A dual op amp is used to create the
comparator function and the ramp
generator. The design also uses a dual
555-type timer chip. You use IC2A to create the ramp and to reset it and
the output counter, and you use IC2B
as a free-running oscillator that drives
the counter chip. To blank the output
LEDs when the chip is counting,
Q3 disables drive current to the LEDs
when IC3 is incrementing. You use IC4
to derive a reference of 2.5V.Tests of the design use TL084 op amps, but you can also use an LM358. A top view of the 15×15-hole prototype board shows component placement (Figure 2a). Figure 2b shows a bottom view of the board, with the connection and three resistors. You might use flat-green LEDs with the sides painted black or covered with black-plastic sleeves for good visibility.
Click to enlarge
Talkback
-
This idea is a replacement for moving coil meter. But of
course in conjunction with an OPAmp and/or RC filter.
-Raju Baddi
Raju Baddi - 2011-15-10 02:29:34 PDT -
Please Note:
1) This circuit works with a single supply of 5 to 5.5V.
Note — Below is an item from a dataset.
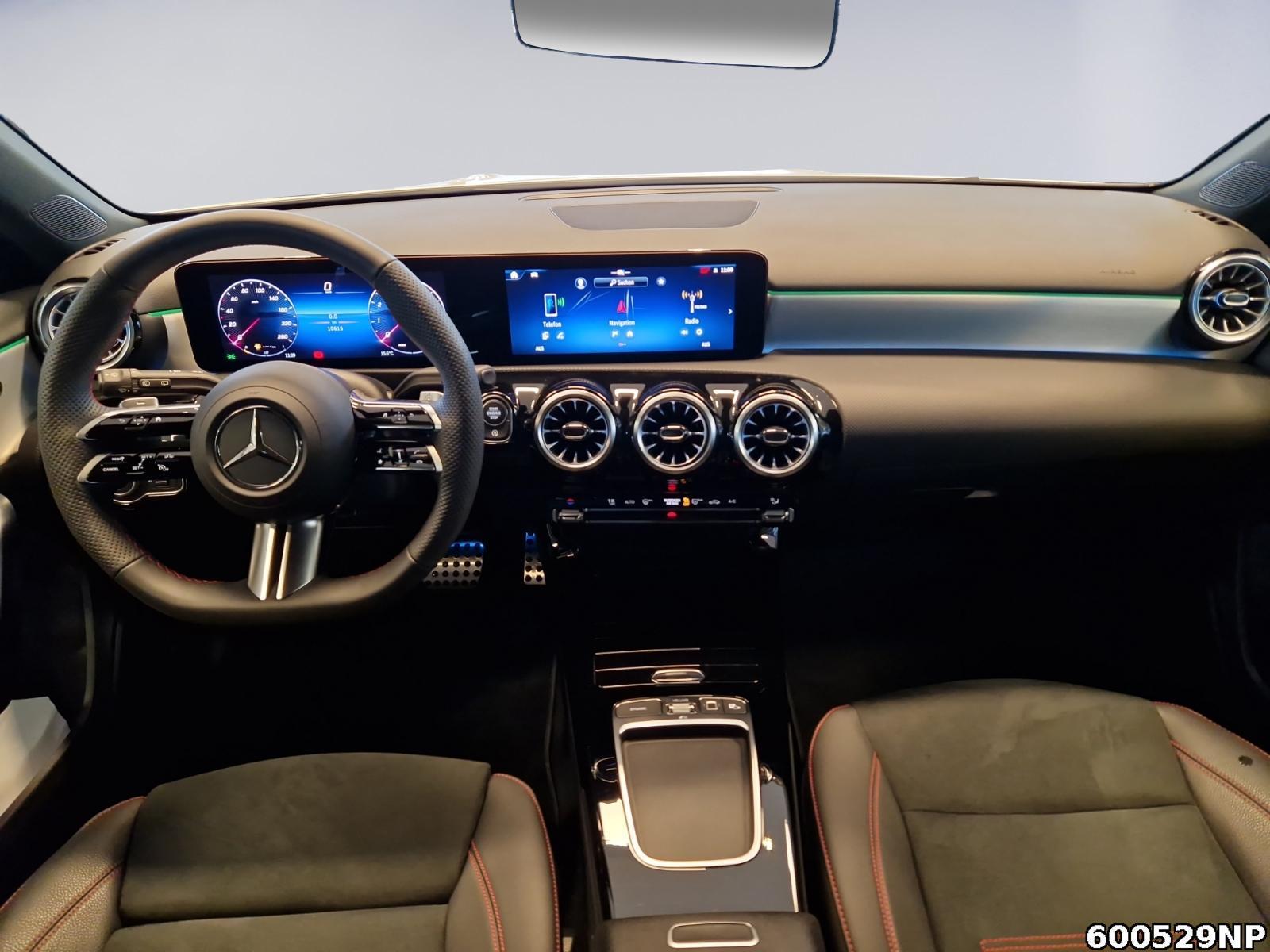 Fahrzeugabbildung Mercedes-Benz A 250 4M AMG Pano Night KEYLESS Kamera CarPlay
2) Input voltage is with respect to the reference voltage of 2.5V.
3) The -2.5V should be 0V.
Further if there are any queries perhaps refering the
circuit layout may help.
Raju Baddi - 2011-14-10 09:32:08 PDT -
1. The Ramp (output of IC1A) will be in the range from min=2.5V if Q2 is closed to max=~3V (Q2 is open, C3 is charged and IC1A output is saturated). The input voltage coming to IC1B according to the IFD is 0..1V. So the comparator IC1B will never see the inputs cross (one input is within 0...1V, another within 2.5V...3V)
2. If, by some magic, IC1B sees the inputs cross and IC1B changes the output -- most likely, without a hysteresis (positive f/b across a comparator) there will be numerous transition between gnd and Vcc --that will immediately bust the counter.
3. As it was already mentioned in some comments -- the idea is over 30 y.o.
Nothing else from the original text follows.